Private, Catholic university in California

The University of Sacramento was a private, Catholic university that opened in 2005 under the sponsorship of the Legion of Christ, an order of Catholic priests. It developed an ethics program in 2006. Dr. Declan Murphy was named the first dean of its College of Business Administration in 2007.

The University of Sacramento was part of a global network of universities founded by the Legionaries and their first undergraduate school in the United States. It was the fifteenth university in their network; the other universities are located in Mexico, Italy, Spain, and Chile.

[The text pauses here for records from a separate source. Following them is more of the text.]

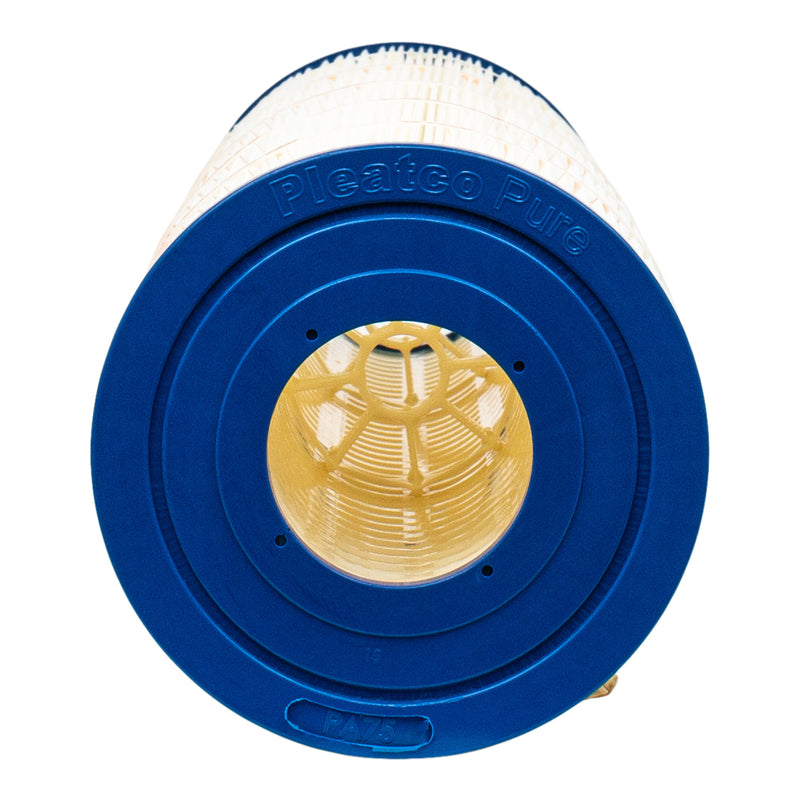 Pleatco PA75 Filter Cartridge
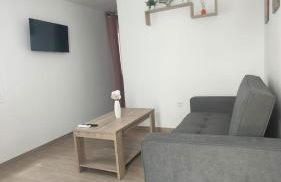 Apartamento Tórtola - Foto 11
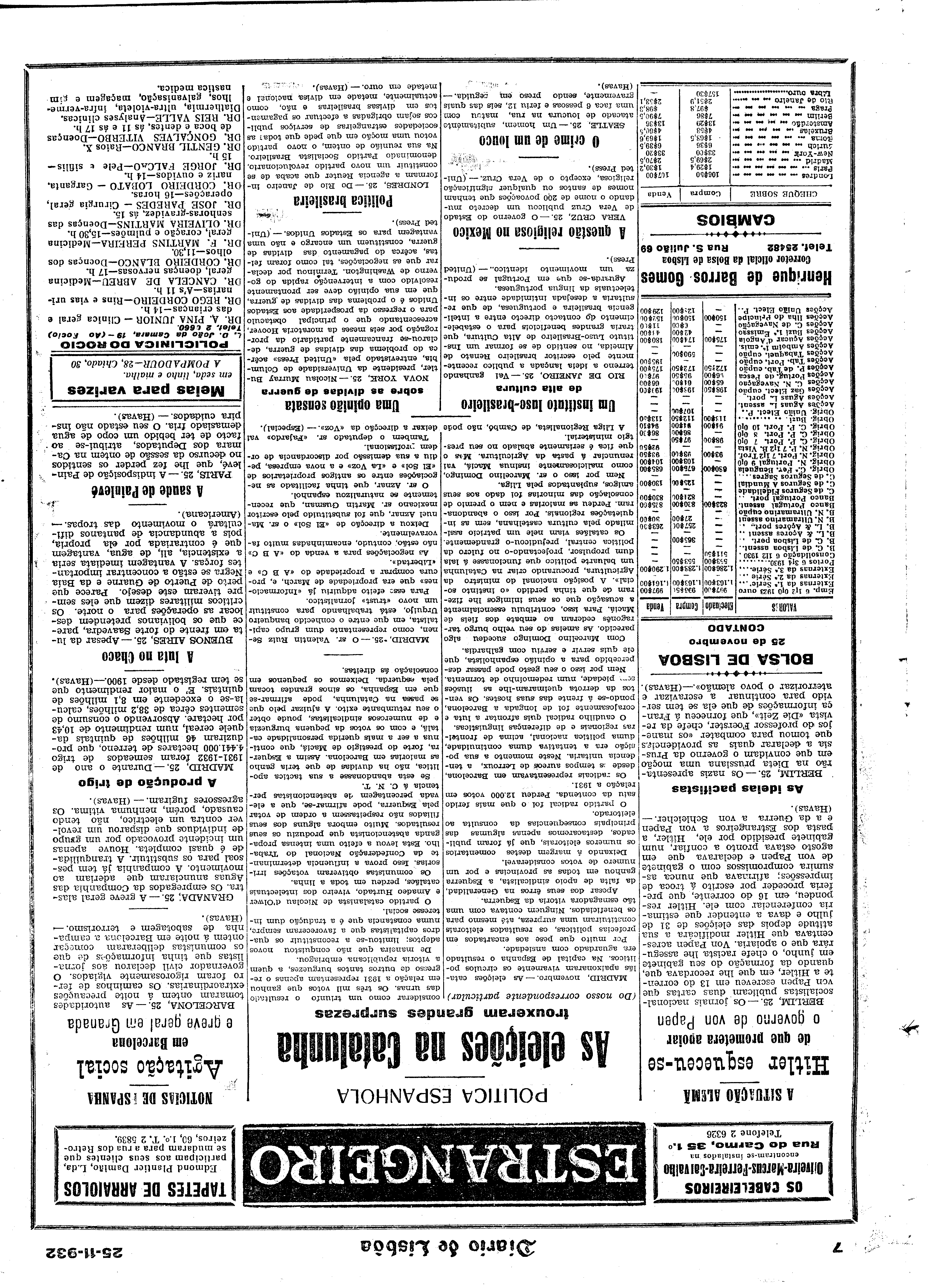 05750.014.04110- pag.7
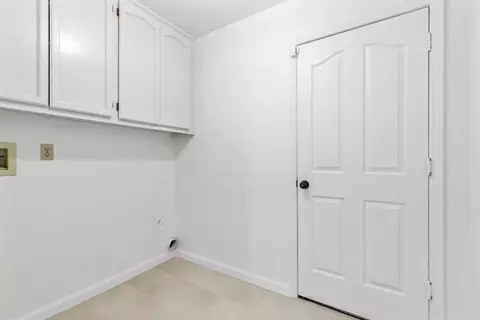 Other - 416 Mid Pines Way, Modesto, CA 95354 photo 1 of 2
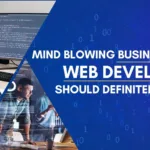 Business Ideas For Web Developer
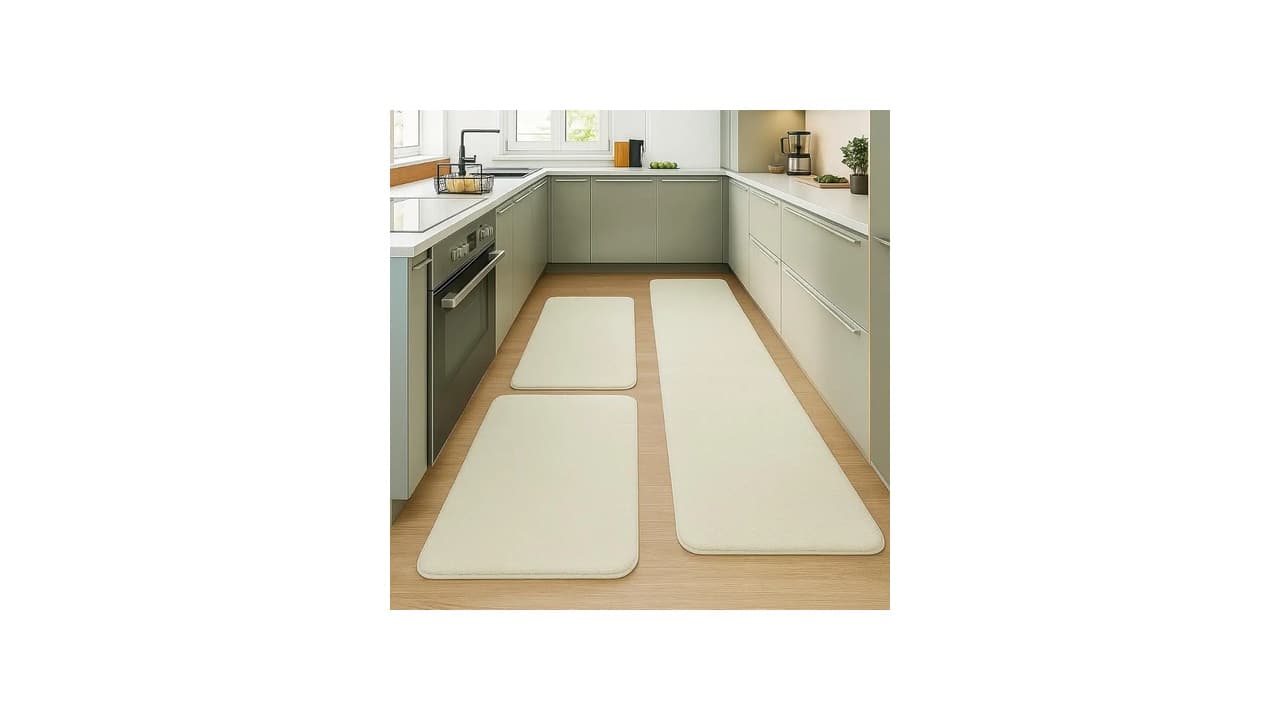 Melhor Cores de Tapete para Sala e Cozinha: Guia de Estilos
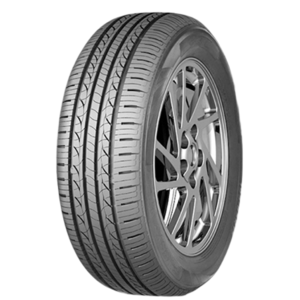 LLANTA 165/65 R 13 77T GRIP1000 AUTOGRIP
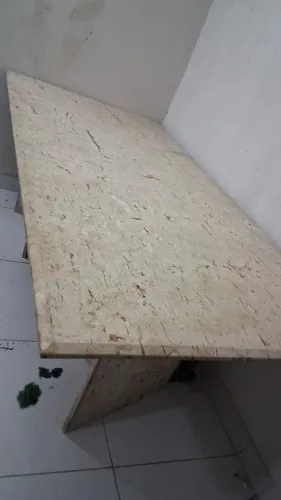 Mesa mármore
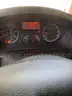2019 RAM Promaster Ambulance  SEE VIDEO!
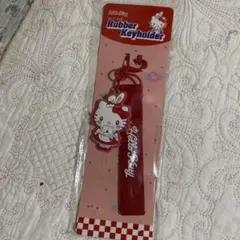 Item thumbnail for item 57588b6d-cbdc-41cb-814f-5726b1d73964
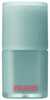 Huulepulk NUSE Mousse Liptual, 02 Lovey Coral, 4,5 g
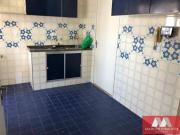 Apartamento com 3 dormitórios à venda, 90 m² por R$...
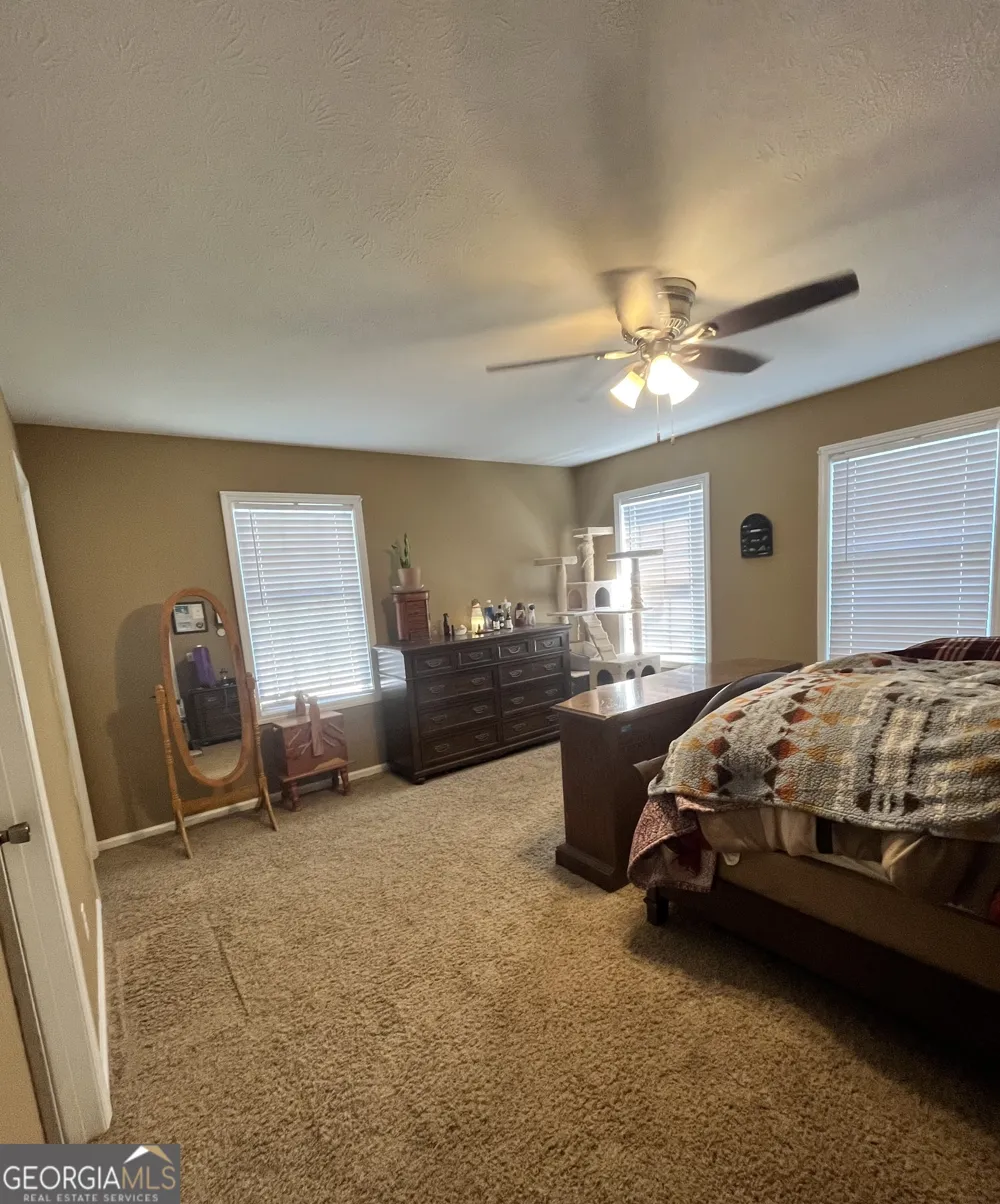604 Farris BLVD Manchester, GA 31816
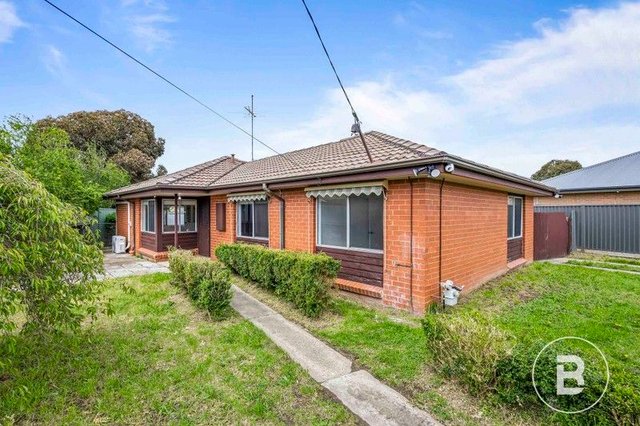 61 Yarrowee Street, VIC 3356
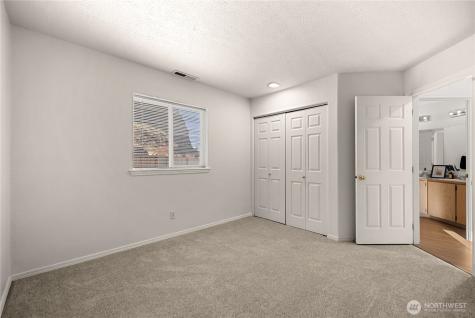 2206 Summit Drive Oroville WA 98844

The college operated on a temporary campus located in Sacramento, California. In June 2007, the University of Sacramento received a gift 200 acre of land in the proposed development called "Cordova Hills", which is an unincorporated area of Sacramento County just east of the former Mather Air Force Base. The university planned to develop the campus and once completed, to have a student body of 5,000 undergraduate and 2,000 graduate students. In May 2009 the college graduated its first class including Associates and bachelor's degrees in varied Business and Human Resources disciplines. Due to funding issues, on July 7, 2011, the university announced that the plans for the University of Sacramento's new campus would be cancelled and the university would close its academic programs effective immediately.